Aktualisierung: Am 16. Juli berichtete Hinz&Kunzt, dass der Fonds der Clearingstelle um 300.000 aufgestockt wurde.

Für einen starken Flüchtlingsschutz

hamburgasyl hat – gemeinsam mit 275 Organisationen – das Memorandum „Für einen starken Flüchtlingsschutz“ unterzeichnet. Wir positionieren uns damit für eine menschenrechtsbasierte Flüchtlingspolitik – insbesondere in einer Zeit, in der mit der Umsetzung der Reform des Gemeinsamen Europäischen Asylsystems (GEAS) die Rechte von Schutzsuchenden zunehmend beschränkt und ausgehöhlt werden.

Das Memorandum erinnert daran, dass der internationale Flüchtlingsschutz – verankert in der Genfer Flüchtlingskonvention – auf dem Recht jedes Menschen auf Sicherheit und ein Leben in Würde beruht. Gleichzeitig zeigt es, dass die aktuelle politische Praxis diesem Anspruch oft nicht gerecht wird: Geflüchtete werden gesellschaftlich ausgegrenzt, ihre Rechte von Gesetzgebern eingeschränkt und Flucht von der Politik zunehmend als Sicherheitsproblem behandelt.

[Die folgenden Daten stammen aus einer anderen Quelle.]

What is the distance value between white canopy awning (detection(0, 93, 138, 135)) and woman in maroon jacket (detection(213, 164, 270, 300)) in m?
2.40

Dem stellt das Memorandum eine klare Alternative gegenüber. Es wechselt den Blickwinkel weg von Mindeststandards hin zu einer Vision von Gesellschaft, in der alle Menschen – ob schutzsuchend oder nicht – gut und würdevoll leben können. Flüchtlingsschutz ist nicht nur rechtliche Pflicht, sondern Grundlage für ein solidarisches Zusammenleben.

Konkret fordert das Memorandum unter anderem sichere Fluchtwege, faire und transparente Asylverfahren, soziale Rechte von Anfang an sowie echte Teilhabe- und politische Mitgestaltungsmöglichkeiten für Geflüchtete. Damit wird deutlich: Eine andere Flüchtlingspolitik ist möglich – eine, die nicht auf Abschreckung, sondern auf Menschenrechte, Solidarität und gesellschaftlichen Zusammenhalt setzt.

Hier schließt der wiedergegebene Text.